Gowon sat next to the Rwanda delegation and for some time after getting the message, remained inscrutable, he stayed glued to his seat for a number of minutes and lowered his headsets, gazed directly in front of him of course lost in thought, before standing up randomly and bursting out of the conference room.
Holding his agbada behind him, Gowon paced up the stairs to a consultation room within the facility where the conference was happening. With his delegation in tow, they closed the room to swarming journalists and reporters and stayed in there consulting on the next move for the next 20 minutes or so.
After, the group flung the door open and Gowon walked out, telling the journalists who were already waiting; “I have seen the various reports, but look, I have no comments to make in this state,” as he waved away further questions.
One specific journalist asked Gowon if he was going to continue attending the summit and in which capacity, but there was no answer.
Gowon walked down to Idi Amin Dada and spoke with him briefly, expressing that he would sit in the meeting for a few more minutes.
The General who had been in power since 1966 walked back to his seat while shouting; “Nothing to worry about, nothing to worry about.”
However, everything was already done, the meeting could not proceed as every head of state expressed concern and one by one approached Gowon to catch more of the gossip or the news.
Gowon stayed in the city for a little more time, trying to establish if there was any support back home, but it was clear that one of his closest friends, Col. Namvan Garba, commander of the Elite, Guards Brigade, which had usually protected the chief of state in his Lagos headquarters had engineered his overthrow.
Gowon had suspected something of the sort, and moved is family to London just before he left Lagos for Uganda. What was next for him was to fly out and join his family in Britain from Entebbe. Unfortunately for Gowon, he had no money on him.

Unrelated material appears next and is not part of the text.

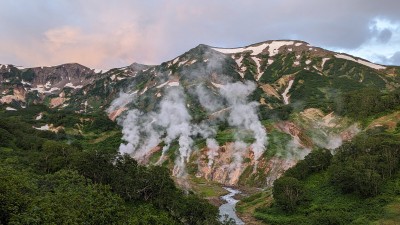 Горный пейзаж с дымящимися источниками и рекой в Испании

The ill prepared Gowon had to gather his delegation who contributed money for his upkeep. We cannot confirm any token received from then Ugandan president Idi Amin Dada.
However, while at an event in Nigeria last year, Gowon personally confirmed that by the time of his overthrow, he had just his salaries on him and required contributions from his staff to have “something to live on’.
Gowon bragged that many Presidents after him learnt following his experience to ‘prepare for their future’ by picking money from the treasury.
He said the condition he found himself after his ouster from office in 1975 might have changed the attitude of Nigerian leaders to corruption by deciding to “prepare for the future”, added that he and his officers did not indulge in corruption.
“Everything we had in the country belonged to the nation, belonged to the people and we must not touch anything. We made sure nothing like that (graft) happened, especially in the civil service.”
However, for Gowon, that is not even his biggest regret, but the fact that he did not make Jos city the capital city ahead of Lagos.
“I had powers to make Jos, and not Abuja, the capital of Nigeria but refused to do so because I was not prepared to be clouded by sentiments and selfishness”, he said.
Why he was overthrown
Gowon was overthrown by a combined government of Muritala Mohammed and Olusegun Obasanjo (President and Vice President respectively).
However, Muritala would later be assassinated like a ‘chicken’ when soldiers ambushed him in his car and sprayed him bullets in a failed coup attempt that led to Obasanjo taking over.
In one of the interviews later, Obasanjo claimed that the overthrow of Gowon because: “After the war, General Gowon said that military will go by 1976 but later said that it will not be realistic again.”
During Gowon’s overthrow, Col. Namvan Garba announced that Gowon was being overthrown because of the way’ things have been running in the country of recent’.